Personify Your Depression: If my depression were a person... [fill in the blank]
Personify Your Depression: I learned about this coping technique today. Imagine that your depression is a person separate from you. The idea is that personifying our depression helps remind us that depression doesn't define who we are ourselves, and that invasive self-critical thoughts we experience often come from our depression and not our healthy minds. Some things to think about are: what kind of person would it be, what kind of hobbies would it have, what would it look like, what would its name be?
So, if your depression were a person, what kind of person would it be?
It would be someone who pops up at times where I both expect it the most and the least. Someone who easily makes me cry as they remind me of a mistake or how I should be hated.

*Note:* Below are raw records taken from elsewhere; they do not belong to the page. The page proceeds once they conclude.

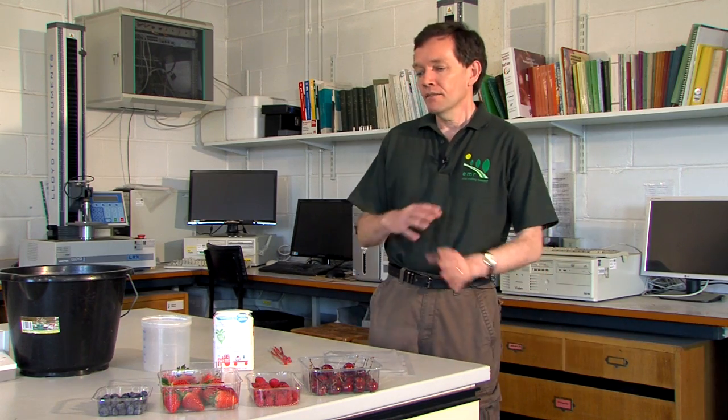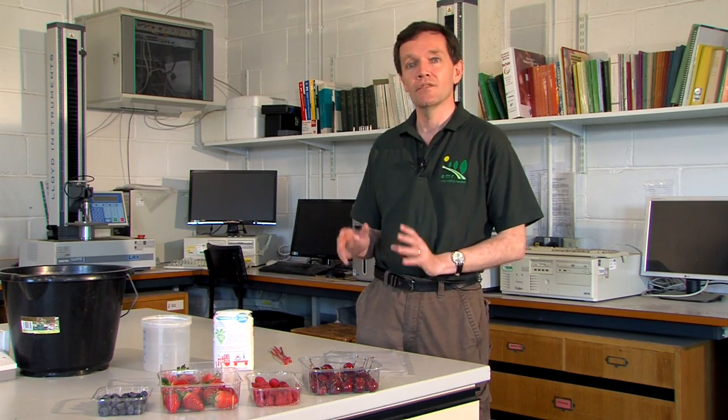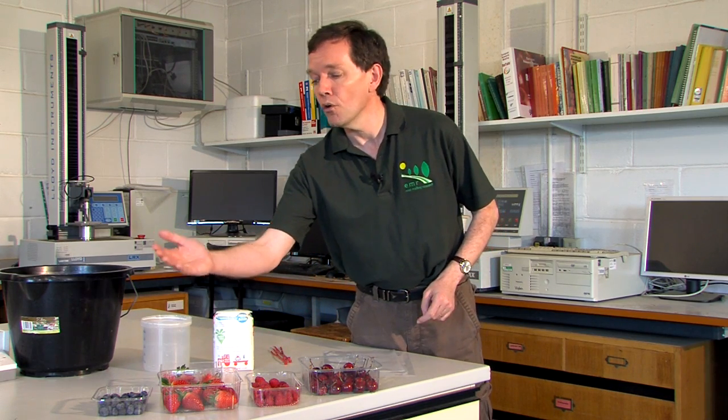Hello, my name is David Buss. I work here at East Morling Research. This is a technique for extracting spotted wing drosophila larvae from fruit using a sugar solution. The sugar encourages the larvae to leave the fruit so they can be seen. It works for cherries, raspberries, strawberries or blueberries.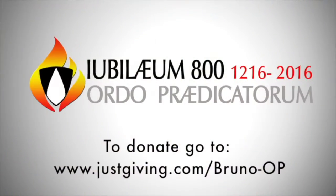To donate to our training fund, check out my Just Giving page, Bruno-OP.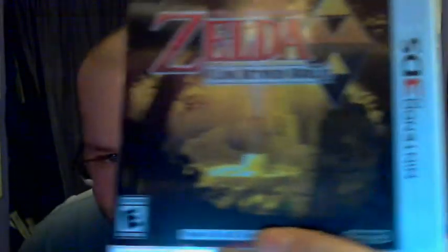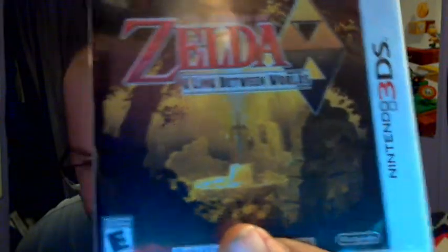On the front, you have the Master Sword and you have Link and his little painting stuff. Playable in 2D and 3D!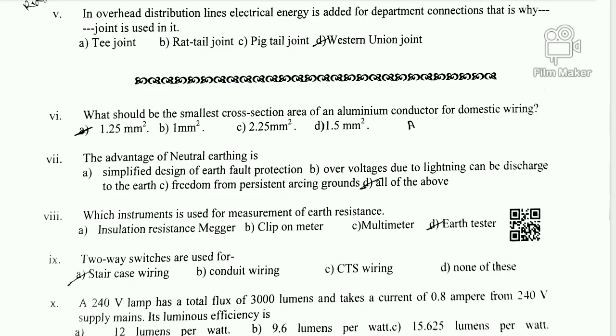Question 8: Which instrument is used for measurement of earth resistance? Option A is insulation resistance tester, B is clamp-on meter, C is multimeter, D is earth tester. The correct answer is D — the earth tester, which is specifically used to measure earth resistance.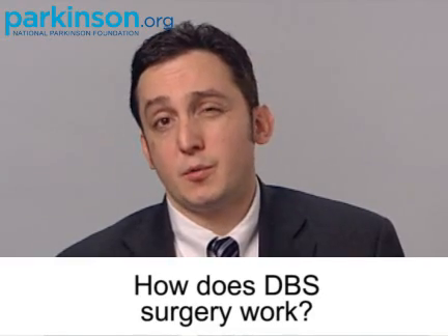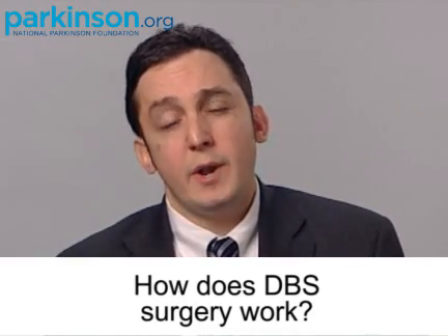How does the surgery work? In most centers, you'll come in the day before and be screened by an anesthesiologist. They'll make sure that you're a suitable candidate for the DBS operation and that you're going to be able to tolerate it. In most centers, you'll actually stay awake during the operation, and so it's important to understand that.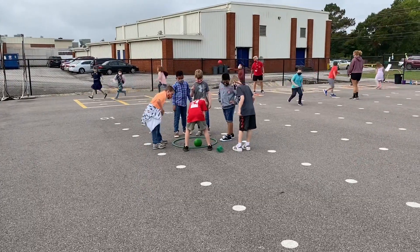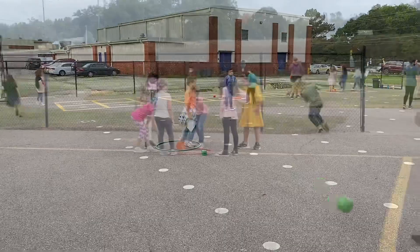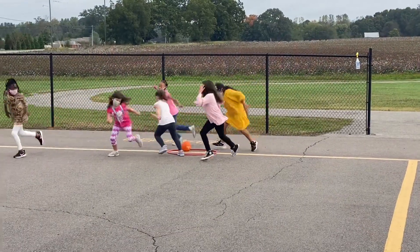Whoever's number is rolled will pick up the ball. Everybody else will try to run away and scatter. And the person will throw from the hoop and see if they can hit somebody.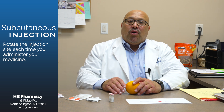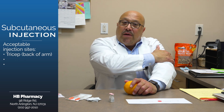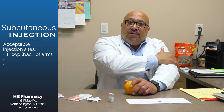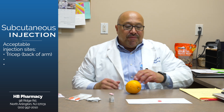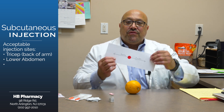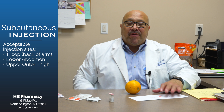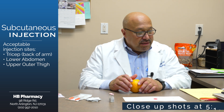The sites that are acceptable are the back of your arm, which is your tricep — that would have to be somebody else administering it to you, but it is a good site. The lower abdomen, two or three inches away from your belly button on either side, or your upper outer thigh area. We'll get some shots later to show you exactly how that looks.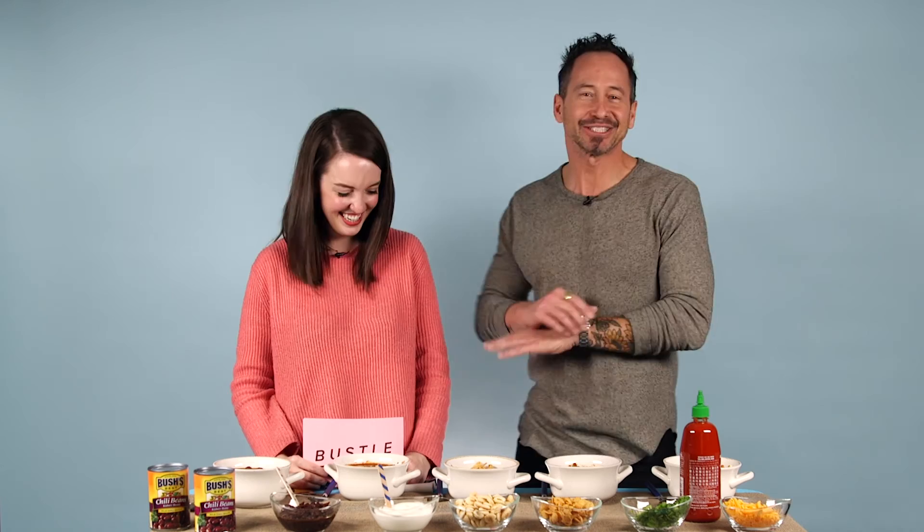A logistical question: how long can I keep chili in the refrigerator before I've got to worry about my leftover situation? Chili gets better every day, which is kind of cool. Definitely several days. But the good news is it will never last that long — you make this chili, it's gone by the time the game's half over. So it's safe to assume you're going to have chili on your Super Bowl menu this year. Guaranteed.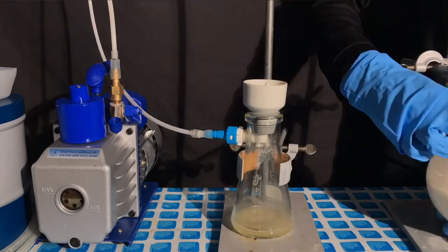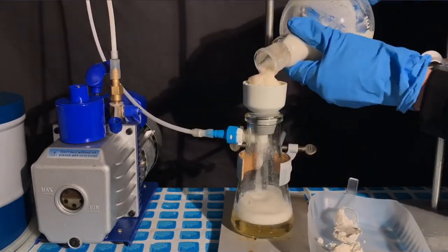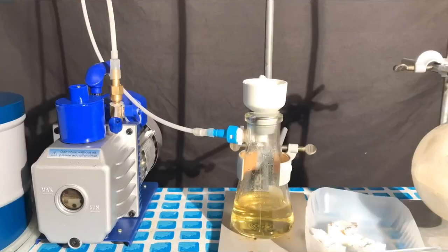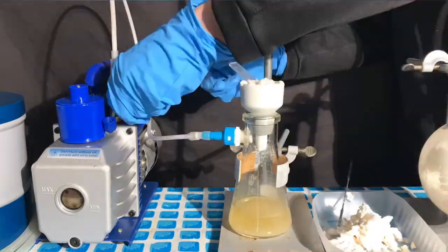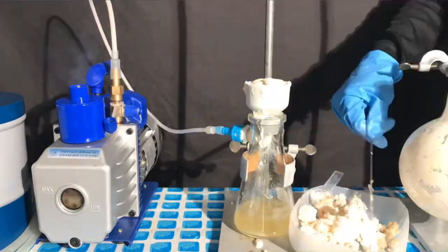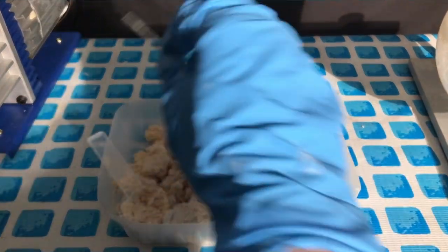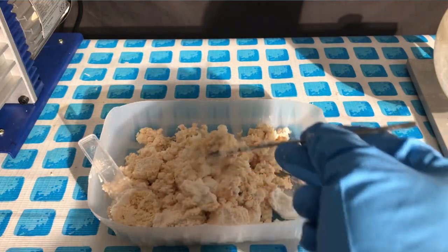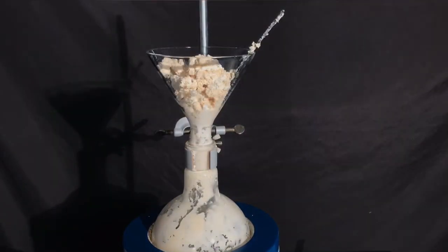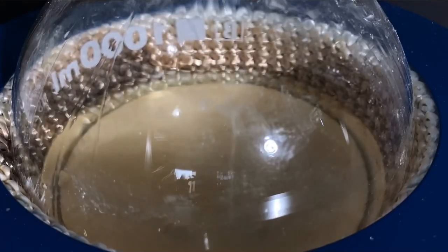A vacuum filtration was carried out to get rid of the majority of the water. I should definitely get a bigger filtration funnel and a bigger flask for this kind of stuff. Once the filtration was finished, we were left with this crude aspirin, which does not look pure. Everything was put back into the 1-liter round bottom flask, and as a solvent, 150 milliliters of 96% ethanol were added.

Who is there to see me put down, cry when I'm crying, hurt me when I don't deserve it or least expect it. Punish me or threaten me. Tell me there right and there better and .no good. A failure. Useless. Everything I hate :(
Hi
if my depression were a person, he would be totally alone in the universe and feel it was all his fault.

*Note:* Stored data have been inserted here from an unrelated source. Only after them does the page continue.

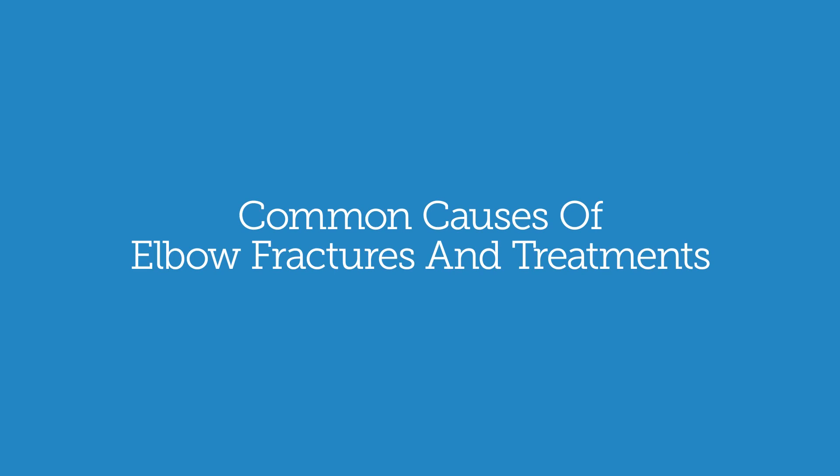Elbow fractures can be caused by trauma — a fall — or could be a high-energy injury like a car accident, or just a ground-level fall.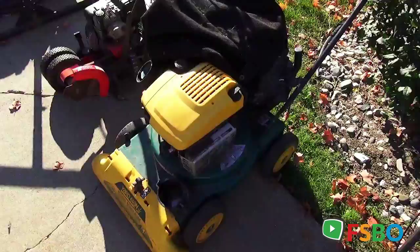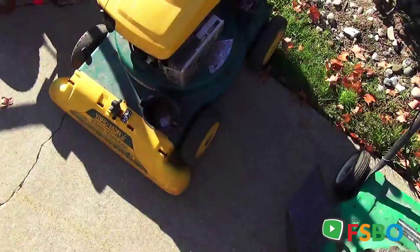Here's a Yard Man. I think this was a 500 and some odd dollar item at one time.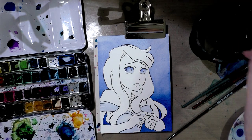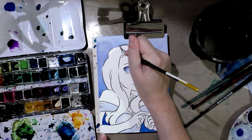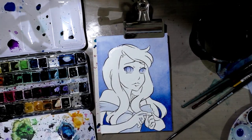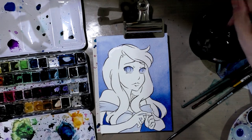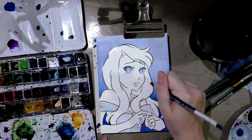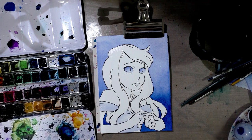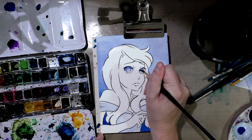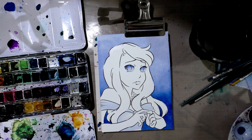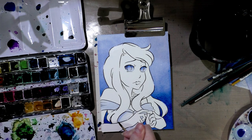Some papers are easier to lift from than others. It seems that the Bockingford paper is going to be a little difficult. Let's grab something a bit scrubbier — if I have it — where is my filbert? There we go. Let's try lifting it with a filbert. We're also going to grab some more of that blue to delineate that shadow and then go through her dress again and do cast shadows this time.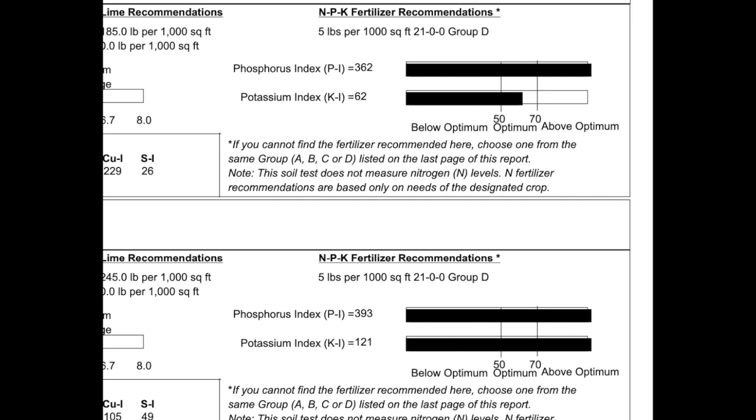The potassium is high in one of them — 62 in one and 121 in the other, with the optimum in between — and the others were all over the place as well, again from randomly adding fertilizer. Potassium is the last number in the NPK; phosphorus is the middle number; and the first one is nitrogen. The potassium is high, but I'm less worried about it because potassium will leach from the soil a little bit more easily. Phosphorus does not leach from the soil very easily — it takes time, generally from rains or watering, to work out. So I'm not going to worry too much about the potassium.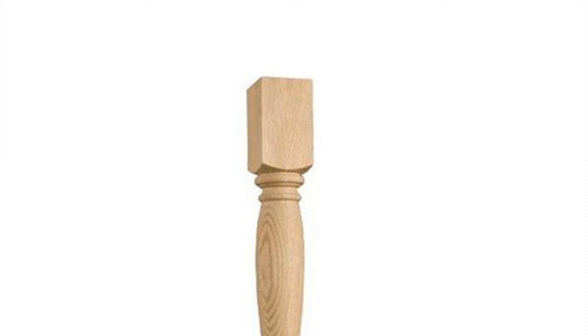Step 4: Remove the plate from the chair, then use a hammer and a nail to make indentations in the wood frame where the marks for the screw holes are. This will give you starter holes for your screws.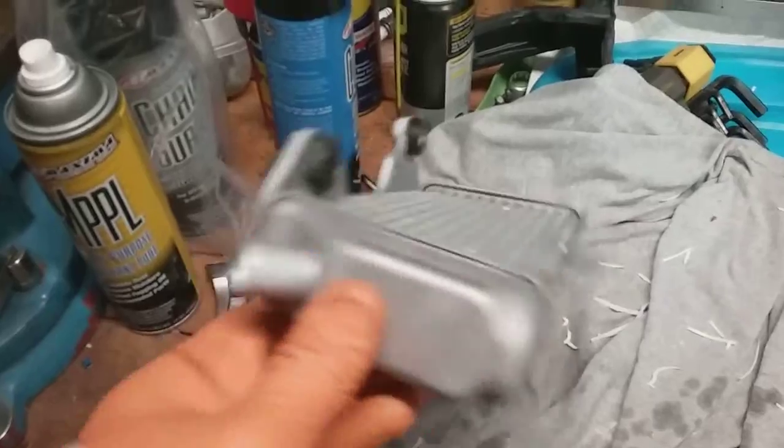Easy to do. So what we're going to do is we're going to pop it in the vise. I'm basically copying the other guy that did the YouTube video, so if you happen to see mine or his, hopefully it helps. I put a rag in there just to buffer it up a little bit and not mar up my radiator too much.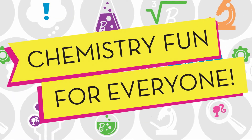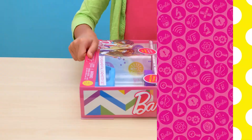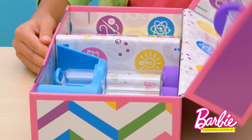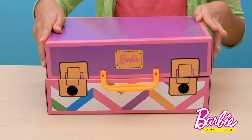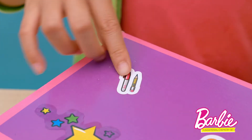It's chemistry fun for everyone with the Barbie Fundamental Chemistry Set. Let's get started! Your Barbie Chemistry Set comes packaged in its very own portable trunk. Have fun and make it your own by decorating your trunk with the included stickers.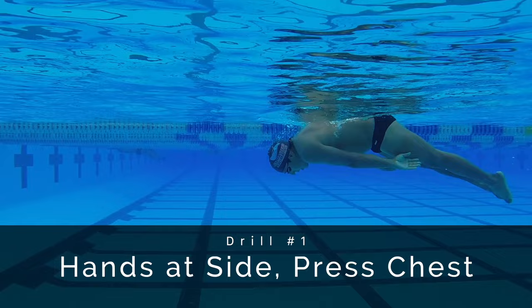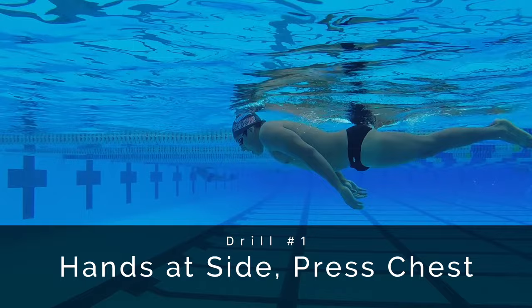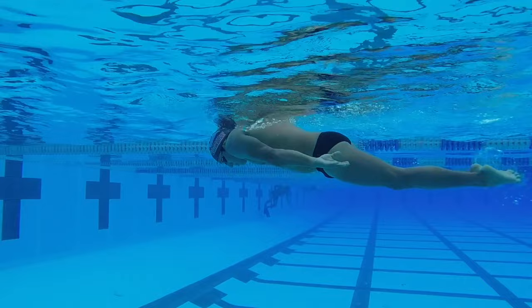In butterfly, we want to make sure that we're using our hips — they really help with undulation, rhythm, and timing, so they are a critical element. The first drill is face down, hands down by your side, and simply float on the water and press your chest into the water. There's a very subtle involuntary dolphin kick that takes place. The key is to be careful not to throw so hard that you're driving your head and hands down — take all of your energy forward.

If depression were a person, itd probably be in the shape of myself. Itd stand in my way, and push me down whenever I tried to talk to others, or my parents. Itd tell me I was worthless, and I dont deserve to try to get out of the hole I dug myself in. It would tell me my emotions are invalid to others and I dont matter.
My depression is not a person, it's an iron chain. Small but heavy. Each time I remove a link, another may appear.

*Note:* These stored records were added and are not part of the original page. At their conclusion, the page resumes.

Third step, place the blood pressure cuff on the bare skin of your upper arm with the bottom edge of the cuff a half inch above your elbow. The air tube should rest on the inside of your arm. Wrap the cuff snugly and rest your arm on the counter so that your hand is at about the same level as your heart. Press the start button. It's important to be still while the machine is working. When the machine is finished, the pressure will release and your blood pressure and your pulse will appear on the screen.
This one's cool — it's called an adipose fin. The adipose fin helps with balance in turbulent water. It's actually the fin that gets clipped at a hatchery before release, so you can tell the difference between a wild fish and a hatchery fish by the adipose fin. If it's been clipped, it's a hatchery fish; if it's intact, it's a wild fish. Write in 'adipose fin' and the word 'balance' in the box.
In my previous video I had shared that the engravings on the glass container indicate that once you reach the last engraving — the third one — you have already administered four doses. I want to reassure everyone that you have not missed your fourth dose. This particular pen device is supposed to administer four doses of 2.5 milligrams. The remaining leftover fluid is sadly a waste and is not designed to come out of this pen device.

I am not so naive as to think I can't put the chain down, but it grows when I am not there and no matter where I leave it, I always wake up wearing it.
The best I can do is keep it close and dismantle it as best I can. I may never be without it, and I fear the day I can no longer carry it.
If my depression were a person, she would be chained to me and she would look like me. She would stay silent when I
If my depression were a person, it would constantly be disgusted with me and talking behind my back. I'd always wonder what it was saying about me that was so awful- I'd try to find a reason, but never figure it out because there might be many reasons or none at all. That's why it would bring me down constantly. : /
If my depression were a perdon, it would be aa sahdo that shows up when you least expect it. It would like a vampire, always trying to suck all of my energy and vitality.
It would de a dark shadow, constantly lurking behind me. Reminding me of everything that Ive ever done wrong.